Source - Daily Telegraph - 18/07/21
Douglas Murray
The European Union has always had a number of hard to reconcile differences. In the 2000s the clearest was that between the north and the south, specifically the question of how to reconcile Mediterranean fiscal habits with more Germanic ones. In recent years another divide has kept asserting itself: that between East and West. This has erupted again in recent days over the question of how to adapt Western European social attitudes with Central and Eastern European ones, most crucially those of Hungary, Poland and the other “Visegrad” countries.
The latest spat between Brussels and its partners to the East has centred on a new schools policy in Hungary. The government of Viktor Orban has passed a new law similar to Britain’s now-defunct Section 28, forbidding the portrayal or promotion of LGBT people to the under-18s. The law is draconian, misguided, overly broad and likely to fail. But it has allowed the EU to once again attempt a punishment-beating of Hungary.
As it happens some of us, including many gay people, believe that the fight for gay equality has been badly and needlessly derailed in recent years. At the point at which it was won in Western Europe, it morphed into a fight to deny sexual differences and the pushing of “trans” ideology.

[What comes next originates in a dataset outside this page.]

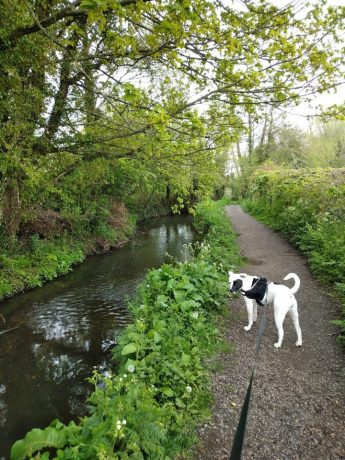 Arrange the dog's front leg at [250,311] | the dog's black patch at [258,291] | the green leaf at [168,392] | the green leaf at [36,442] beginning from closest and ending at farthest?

It is hardly a wonder that a conservative society such as Hungary might object to this ideology. Or that they would end up passing laws that wrapped up an understandable objection to magical gender thinking with the necessity of sex education lessons for young people or a simple acceptance that there are good gay role models in life.
At such junctures the EU might take a number of attitudes. It might agree with the Hungarian government that what is taught in Hungarian schools is a matter for the Hungarian authorities. Failing that, the Western European nations could try to listen to the concerns of the Central and Eastern European countries, wonder whether their own ideas had not become too dogmatic, and attempt to mediate with their neighbours.
Instead the EU chose to make an example out of Hungary. From Ursula von der Leyen down, EU officials have queued up to attack the Hungarians. Once again it plays into the Brussels interpretation of Europe, which is that the Hungarians and Poles, among others, are slow learners and need to be put into a liberal crammer class. But it also plays into a Visegrad view of the EU which is that it consists of liberal Western Europeans trying to force their way of life upon an unwilling East.
EU politicians love these moments. Unsure of how to address the huge financial and social questions facing the continent, here is an issue about which the bureaucrats can feel truly confident. In her comments to the European Parliament condemning the Hungarian law, Von der Leyen claimed that the it “goes against all the values… of the European Union”. A grandiloquent overstatement if ever there was one.
The EU has now voted for urgent legal action against the Hungarian government. It comes at the same time that the bloc is engaging in an ongoing legal fight against the government of Poland over that country’s judicial appointments.
The EU’s actions have caused considerable ill-feeling in Poland. Last week a Polish court declared that Polish law stood superior to EU law. That stand-off will continue. But in the Polish case, as in the case of Hungary, the EU keeps doing things which confirm and deepen the growing distrust between these two uneven blocs within the EU.
What is worst about this is that it is a massive distraction for an EU which badly needs to sort out its post-Covid affairs. The EU recovery fund (a multi-billion Euro package designed to boost Europe’s economies post-Covid) risks being derailed by these cultural standoffs. And yet both parties seem unwilling or unable to end them.
The EU believes that it cannot allow political difference on certain social questions. But in the process it fails to realise that it is being at least as dogmatic as the governments it is criticising. In recent years the northern economies had to find a way to live with the southern ones. The challenge of the EU’s current decade may well be Western Europe finding a way to live with its Eastern neighbours.